4. Each such bond or note and mortgage or bonds or notes and mortgages shall be repaid over or within a period of thirty years in such manner as may be provided in such bond or note and mortgage or bonds or notes and mortgages but in no case shall the term of such loan exceed the probable life of the multiple dwelling which is hereby determined to be thirty years. Such bond or note and mortgage or bonds or notes and mortgages and any contract in connection with such permanent and temporary loans may contain such other terms and provisions not inconsistent with the provisions of this article as the local legislative body or the agency may deem necessary or desirable to secure repayment of the loan, the interest thereon and other charges in connection therewith and to carry out the purposes and provisions of this article.

5. The bond or note or the bonds or notes issued by the owner and the mortgage or mortgages relating thereto may authorize such owner, with the consent of the agency and the private investor, to prepay the principal of the loan subject to such terms and conditions as therein provided. Such bond or note and mortgage or bonds or notes and mortgages may contain such other clauses and provisions as the agency shall require.

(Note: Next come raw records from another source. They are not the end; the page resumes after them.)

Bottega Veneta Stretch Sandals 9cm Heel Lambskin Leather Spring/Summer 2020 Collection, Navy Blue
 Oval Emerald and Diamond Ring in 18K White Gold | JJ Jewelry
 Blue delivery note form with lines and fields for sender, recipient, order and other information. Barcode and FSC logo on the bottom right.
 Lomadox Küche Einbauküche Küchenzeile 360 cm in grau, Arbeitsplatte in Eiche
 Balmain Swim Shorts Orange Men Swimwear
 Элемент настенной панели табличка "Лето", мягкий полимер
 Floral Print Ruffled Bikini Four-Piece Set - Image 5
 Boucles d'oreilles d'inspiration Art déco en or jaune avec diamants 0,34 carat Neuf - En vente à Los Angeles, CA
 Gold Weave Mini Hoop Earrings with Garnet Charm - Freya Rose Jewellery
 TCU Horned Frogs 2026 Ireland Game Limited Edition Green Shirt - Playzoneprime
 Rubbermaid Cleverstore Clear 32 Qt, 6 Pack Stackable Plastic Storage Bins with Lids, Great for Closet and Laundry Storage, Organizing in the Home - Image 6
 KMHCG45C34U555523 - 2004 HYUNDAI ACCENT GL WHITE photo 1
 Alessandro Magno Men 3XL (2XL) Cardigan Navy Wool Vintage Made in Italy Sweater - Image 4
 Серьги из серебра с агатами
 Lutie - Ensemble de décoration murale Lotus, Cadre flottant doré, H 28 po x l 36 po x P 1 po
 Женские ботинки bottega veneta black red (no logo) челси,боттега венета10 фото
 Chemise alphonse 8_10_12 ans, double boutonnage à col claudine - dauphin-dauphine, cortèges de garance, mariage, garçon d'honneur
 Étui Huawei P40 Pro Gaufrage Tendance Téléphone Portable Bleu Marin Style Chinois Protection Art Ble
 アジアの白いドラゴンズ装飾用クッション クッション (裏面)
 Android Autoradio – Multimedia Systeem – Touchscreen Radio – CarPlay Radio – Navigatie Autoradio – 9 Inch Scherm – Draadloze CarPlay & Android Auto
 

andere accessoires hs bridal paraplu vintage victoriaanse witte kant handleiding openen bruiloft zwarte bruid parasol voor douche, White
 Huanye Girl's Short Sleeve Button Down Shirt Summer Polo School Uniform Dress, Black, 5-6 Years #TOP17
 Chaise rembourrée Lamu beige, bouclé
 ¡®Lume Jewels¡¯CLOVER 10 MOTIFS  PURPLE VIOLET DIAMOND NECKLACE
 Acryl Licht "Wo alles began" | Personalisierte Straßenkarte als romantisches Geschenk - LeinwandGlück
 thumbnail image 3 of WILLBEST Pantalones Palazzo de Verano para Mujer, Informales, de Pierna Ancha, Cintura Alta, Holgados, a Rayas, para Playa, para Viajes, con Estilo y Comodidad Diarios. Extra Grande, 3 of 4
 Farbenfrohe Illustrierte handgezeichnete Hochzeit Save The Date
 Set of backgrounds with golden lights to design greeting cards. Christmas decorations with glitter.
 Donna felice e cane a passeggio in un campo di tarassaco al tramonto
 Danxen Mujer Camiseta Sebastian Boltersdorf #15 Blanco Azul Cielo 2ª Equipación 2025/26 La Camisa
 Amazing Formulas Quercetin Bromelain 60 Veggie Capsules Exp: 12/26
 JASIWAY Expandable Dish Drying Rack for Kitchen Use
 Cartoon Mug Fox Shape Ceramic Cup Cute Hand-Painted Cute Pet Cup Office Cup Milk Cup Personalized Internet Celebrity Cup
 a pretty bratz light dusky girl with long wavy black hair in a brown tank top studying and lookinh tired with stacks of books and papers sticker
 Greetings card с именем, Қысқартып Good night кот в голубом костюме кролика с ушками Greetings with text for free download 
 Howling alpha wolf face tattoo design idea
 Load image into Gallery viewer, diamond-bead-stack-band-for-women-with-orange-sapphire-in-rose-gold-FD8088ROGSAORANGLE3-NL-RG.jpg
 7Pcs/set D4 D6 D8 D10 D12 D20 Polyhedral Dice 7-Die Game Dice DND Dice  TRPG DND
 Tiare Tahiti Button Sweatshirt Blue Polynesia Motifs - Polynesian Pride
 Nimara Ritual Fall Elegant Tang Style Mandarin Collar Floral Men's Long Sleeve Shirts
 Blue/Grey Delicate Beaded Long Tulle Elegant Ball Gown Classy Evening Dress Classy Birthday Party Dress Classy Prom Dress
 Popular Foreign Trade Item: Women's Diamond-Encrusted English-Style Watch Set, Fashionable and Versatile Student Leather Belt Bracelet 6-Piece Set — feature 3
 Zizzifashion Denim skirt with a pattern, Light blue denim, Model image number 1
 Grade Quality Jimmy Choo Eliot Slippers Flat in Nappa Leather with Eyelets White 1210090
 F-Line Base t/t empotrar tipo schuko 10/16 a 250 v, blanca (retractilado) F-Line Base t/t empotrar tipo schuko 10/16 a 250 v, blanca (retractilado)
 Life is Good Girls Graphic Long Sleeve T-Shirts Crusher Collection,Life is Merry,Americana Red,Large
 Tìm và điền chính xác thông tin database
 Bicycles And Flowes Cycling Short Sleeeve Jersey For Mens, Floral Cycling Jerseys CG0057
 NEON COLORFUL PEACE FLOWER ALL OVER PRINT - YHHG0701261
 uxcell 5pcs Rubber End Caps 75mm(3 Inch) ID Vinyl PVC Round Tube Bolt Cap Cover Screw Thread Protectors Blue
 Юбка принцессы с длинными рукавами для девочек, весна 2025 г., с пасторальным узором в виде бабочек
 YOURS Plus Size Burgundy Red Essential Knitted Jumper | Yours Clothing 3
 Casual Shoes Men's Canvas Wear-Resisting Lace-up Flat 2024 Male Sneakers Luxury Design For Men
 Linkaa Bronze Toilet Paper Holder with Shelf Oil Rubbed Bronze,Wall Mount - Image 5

6. Where a municipality joins with one or more private investors in making a participation loan secured by a single participating mortgage or by separate mortgages, the agency may make provision, either in the mortgage or mortgages or by separate agreement, for the performances of such services as are generally performed by a banking institution or insurance company which itself owns and holds a mortgage or by a trustee under a trust mortgage and for the imposition of reasonable fees for financing, regulation, supervision and audit of such multiple dwelling. The agency is hereby authorized to act as trustee or to consent to the appointment of a banking institution or any subsidiary thereof to act in such capacity and to provide such services as are generally performed by any such bank itself or its subsidiary owning and holding such a mortgage.

7. Banking organizations and insurance companies may exercise such power only to the extent and on such conditions as may be authorized by the state superintendent of financial services.

8. Notwithstanding the provisions of any other law, a savings bank may invest to an amount not exceeding ninety per centum of the value of any real property when jointly participating or investing in a loan pursuant to the provisions of this article or not exceeding ninety-five per centum of the value of any real property when jointly participating or investing in a loan pursuant to the provisions of article fourteen of this chapter.